A new complaint filed in the U.S. District Court for the Northern District of Illinois, Eastern Division, accuses Allstate of various breaches of fiduciary duty and prohibited transactions under the Employee Retirement Income Security Act (ERISA).
Many features of the lawsuit echo the numerous other ERISA fiduciary breach lawsuits filed against well-known employers—including a separate suit already filed against Allstate.
“Throughout the class period, Allstate defendants breached these fiduciary duties,” the complaint states. “In 2011, and again in 2017, they loaded the plan with a suite of poorly performing funds called the Northern Trust Focus Target Retirement Trusts. Allstate defendants kept these funds throughout the class period despite their continued underperformance.”
Northern Trust is not a named defendant in the lawsuit, though the investment options in question here have been cited in other, previous lawsuits. For example, in August 2019, a group of current and former participants in the Walgreen Profit-Sharing Retirement Plan filed a similar complaint.

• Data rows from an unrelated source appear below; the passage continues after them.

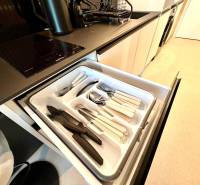 A kitchen in a studio apartment with cutlery in a drawer, a cooktop, and a sink.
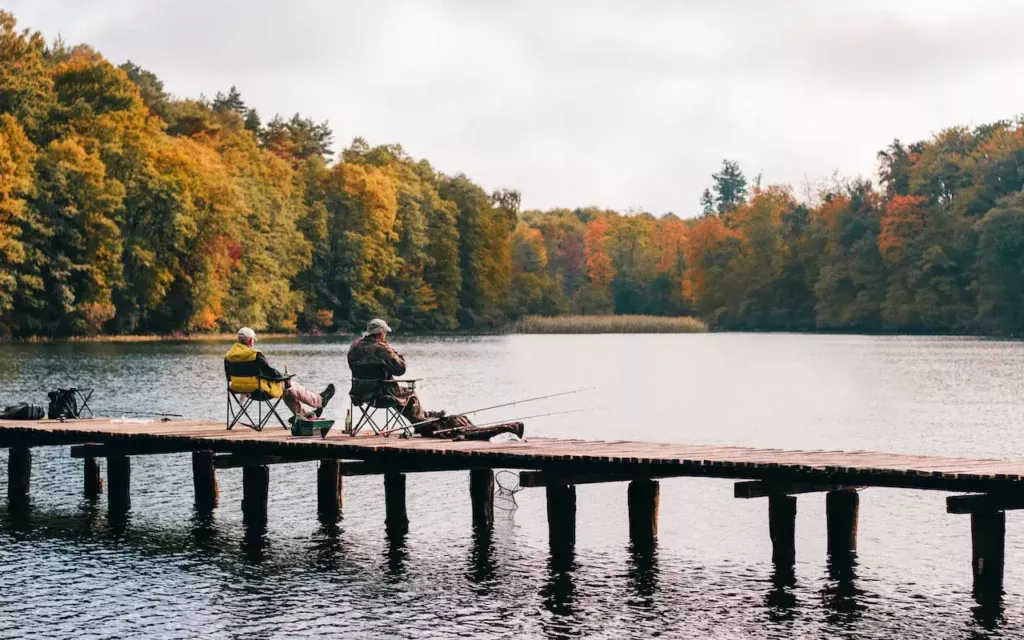 Tranquil image: Two individuals sitting on a lakeside dock, surrounded by serene waters and nature. A moment of relaxation by the lake's edge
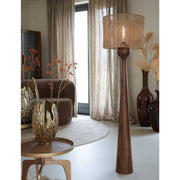 Woonkamer met een staande lamp en decoratieve items in neutrale tinten.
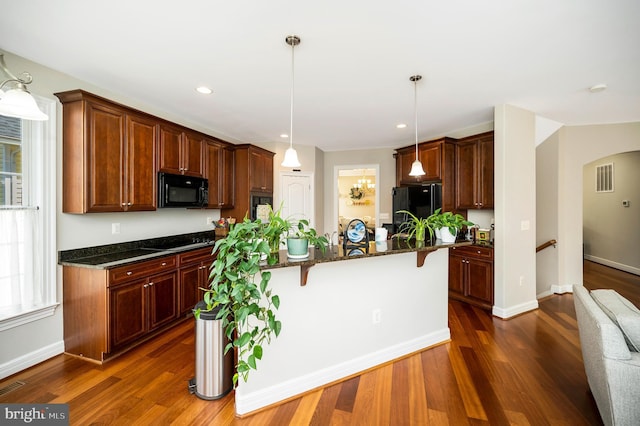 kitchen with black appliances, a breakfast bar, arched walkways, dark stone counters, and dark wood-type flooring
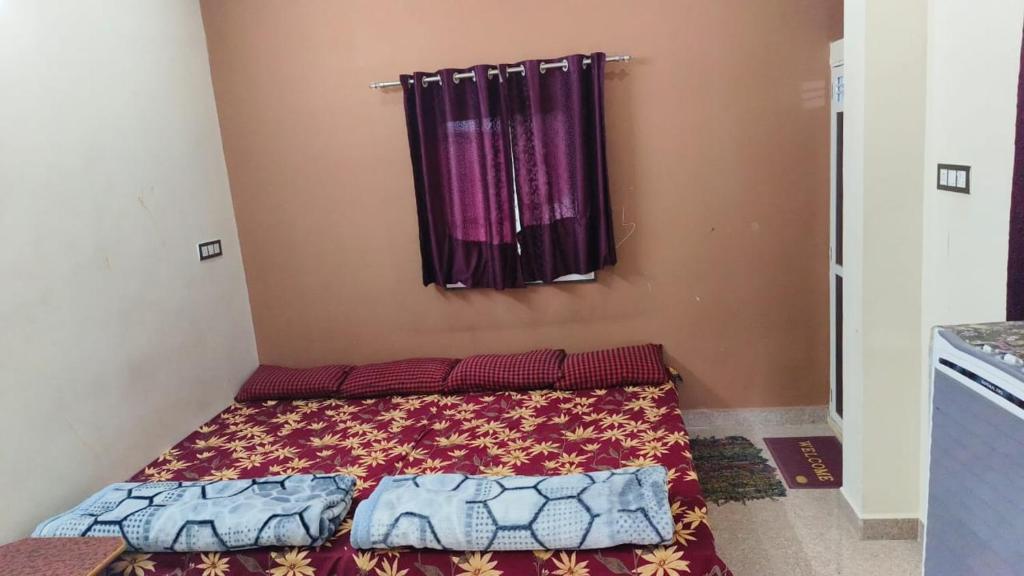 um pequeno quarto com uma cama e uma janela em Kavya Home stay em Ujaim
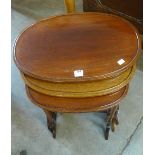 An Edward VII mahogany oval nest of tables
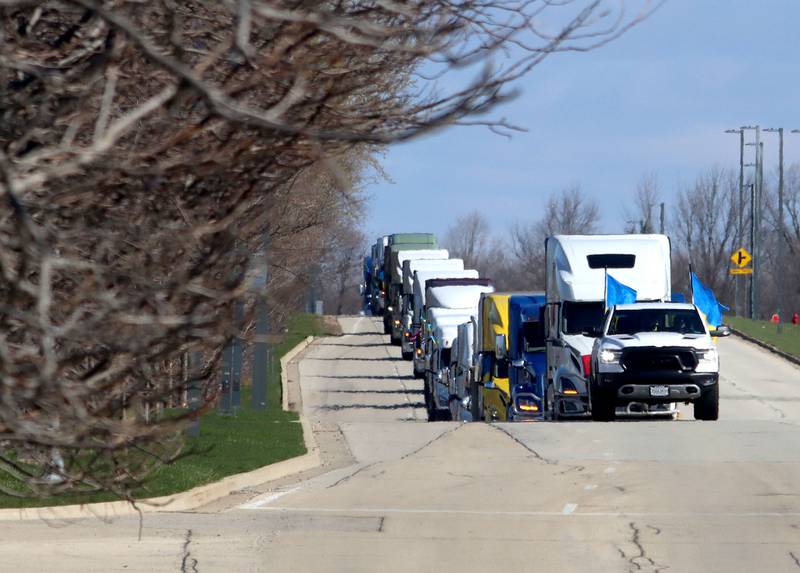 Drivers travel on Beverly Road in Hoffman Estates on Saturday morning as they begin the Deblockade Mariupol truck protest rally hosted by Help Ukraine Foundation LTD to bring attention to the blockade of Mariupol.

The new complaint states that the Allstate defendants “mishandled the process of picking the Northern Trust funds.”
“Despite a market teeming with better-performing alternatives, Allstate selected the Northern Trust funds in 2011,” the complaint alleges. “At the time, the Northern Trust Funds were in their nascent stage, with only a one-year investment track record, and a poor one at that. From 2011 through 2014, the time leading up to the start of the relevant class period, the Northern Trust funds significantly underperformed both their benchmark indexes and comparable target-date funds [TDFs]. Predictably, the Northern Trust Funds continued underperforming from 2015 through the present.”
The complaint then states that “virtually all of these Northern Trust Funds performed in the 70th to 90th percentile—worse than 70% to 90% of their peer funds.” It suggests the plan has lost “upward of $70 million in retirement savings since 2015 because of Allstate’s decision to retain the Northern Trust funds instead of removing them.”
Though neither of the companies are named as defendants, the complaint also includes familiar allegations involving Financial Engines and Alight Financial Advisors.
“As fiduciary to the plan, Allstate arranged for two outside investment advisers—Financial Engines and Alight Financial Advisors—to provide investment advice directly to plan participants for a fee,” the complaint states. “In doing so, Allstate defendants are obligated to act for the exclusive benefit of the plan’s participants and beneficiaries, to assure that plan expenses are reasonable and to ensure the plan’s investments are prudent. Instead, Allstate neglected these sacrosanct duties. It allowed participants to pay unreasonably high fees to the plan’s investment advisers, first Financial Engines and later Alight Financial Advisors. It also constructed a plan with far too many layers of fees and turned a blind eye to a kickback scheme between Financial Engines and the plan recordkeeper, Aon Hewitt.”
Allstate has not yet responded to a request for comment about the new complaint, the text of which is available here.